::: EXTRACTED DATA

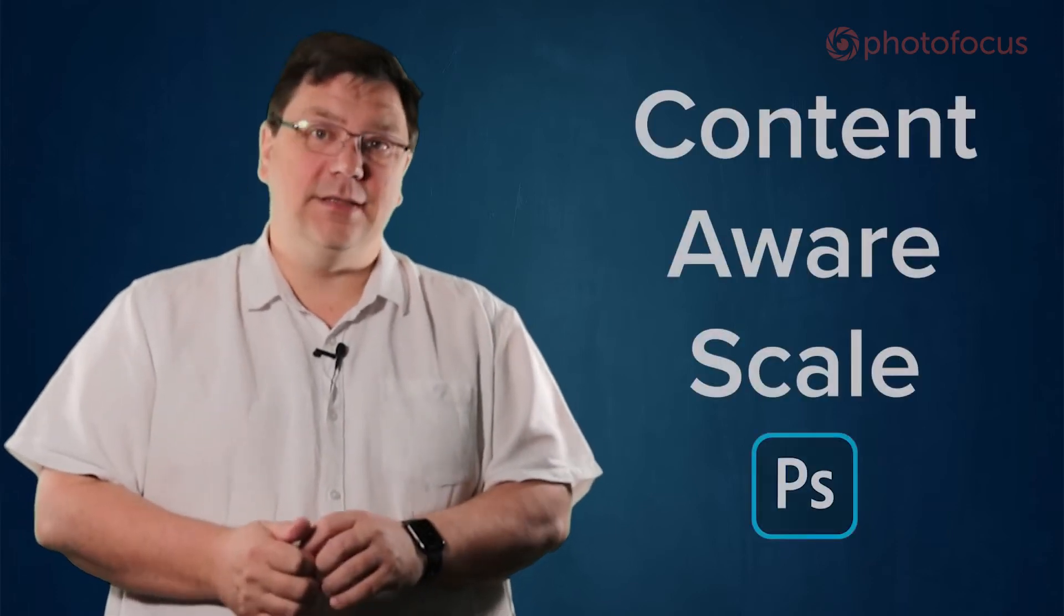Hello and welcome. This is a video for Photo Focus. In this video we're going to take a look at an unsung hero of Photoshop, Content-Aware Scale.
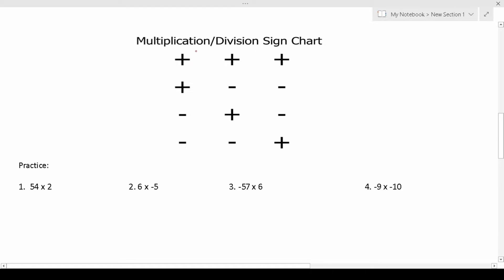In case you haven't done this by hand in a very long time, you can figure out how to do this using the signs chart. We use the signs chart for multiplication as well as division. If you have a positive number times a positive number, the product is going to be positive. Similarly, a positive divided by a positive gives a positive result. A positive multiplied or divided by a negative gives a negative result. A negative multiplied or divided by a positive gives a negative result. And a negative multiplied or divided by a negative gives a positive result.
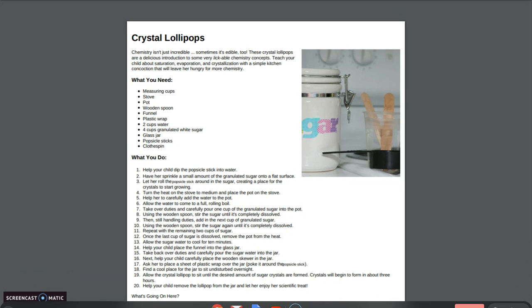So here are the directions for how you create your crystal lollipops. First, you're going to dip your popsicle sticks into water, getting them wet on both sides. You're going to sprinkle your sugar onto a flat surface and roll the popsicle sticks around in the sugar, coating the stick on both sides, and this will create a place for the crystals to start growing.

::::::
::: EXTRACTED DATA

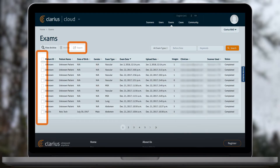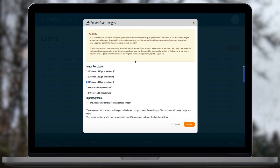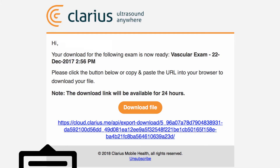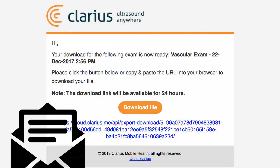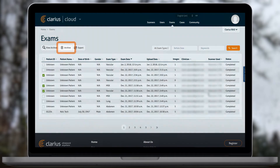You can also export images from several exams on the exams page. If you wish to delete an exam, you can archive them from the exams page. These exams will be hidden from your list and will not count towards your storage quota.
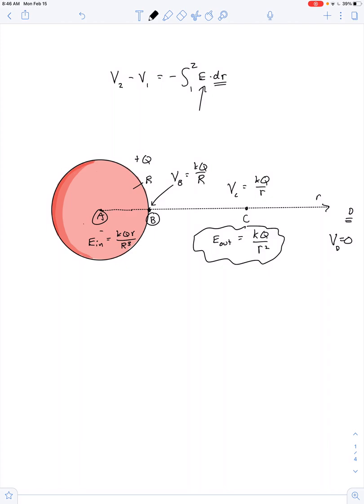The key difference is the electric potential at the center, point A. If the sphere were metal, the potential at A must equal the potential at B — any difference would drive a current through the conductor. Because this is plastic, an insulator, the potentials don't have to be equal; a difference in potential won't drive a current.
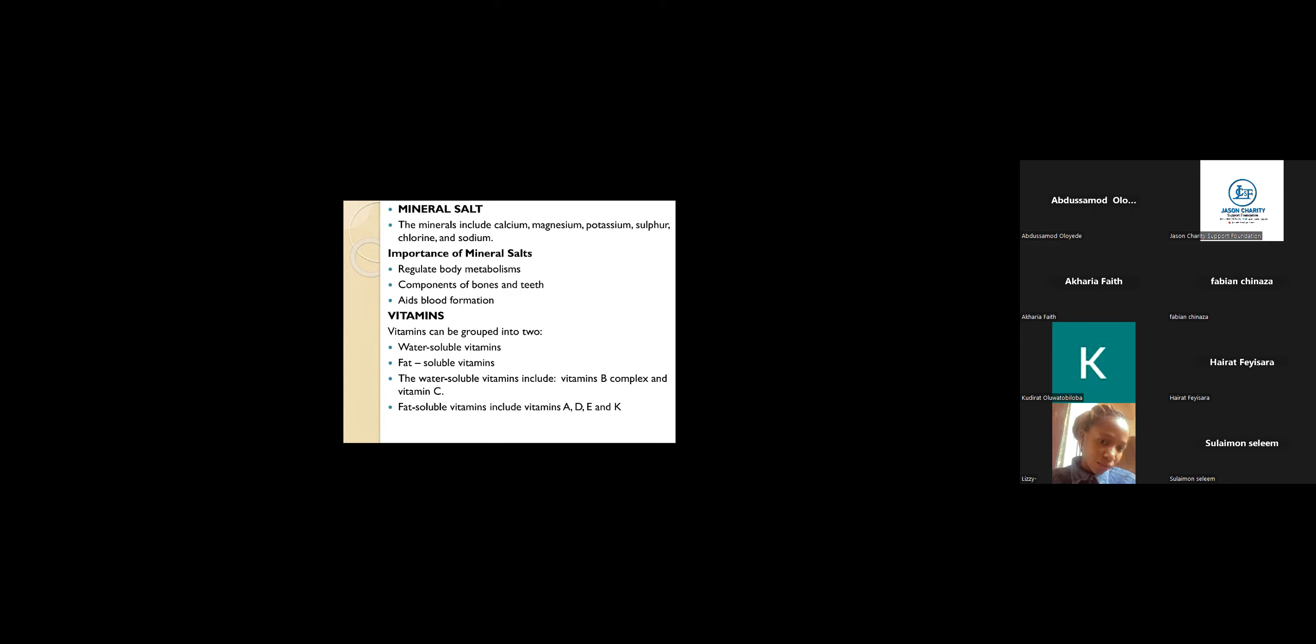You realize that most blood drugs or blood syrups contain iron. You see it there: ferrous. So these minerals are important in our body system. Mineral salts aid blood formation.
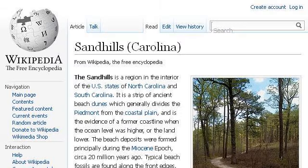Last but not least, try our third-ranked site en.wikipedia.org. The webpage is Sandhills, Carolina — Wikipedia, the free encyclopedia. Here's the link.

::::::
::: EXTRACTED DATA

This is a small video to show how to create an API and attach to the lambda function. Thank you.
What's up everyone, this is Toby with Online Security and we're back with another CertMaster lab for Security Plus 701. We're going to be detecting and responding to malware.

::::::

● **WHAT IS BEING ASKED**: Reproduce the data above exactly, but only from the line containing "The key difference" through the line containing "Last but not". Omit all pictures.

● **EXPECTED OUTPUT**:
The key difference is the electric potential at the center, point A. If the sphere were metal, the potential at A must equal the potential at B — any difference would drive a current through the conductor. Because this is plastic, an insulator, the potentials don't have to be equal; a difference in potential won't drive a current.
You realize that most blood drugs or blood syrups contain iron. You see it there: ferrous. So these minerals are important in our body system. Mineral salts aid blood formation.
Last but not least, try our third-ranked site en.wikipedia.org. The webpage is Sandhills, Carolina — Wikipedia, the free encyclopedia. Here's the link.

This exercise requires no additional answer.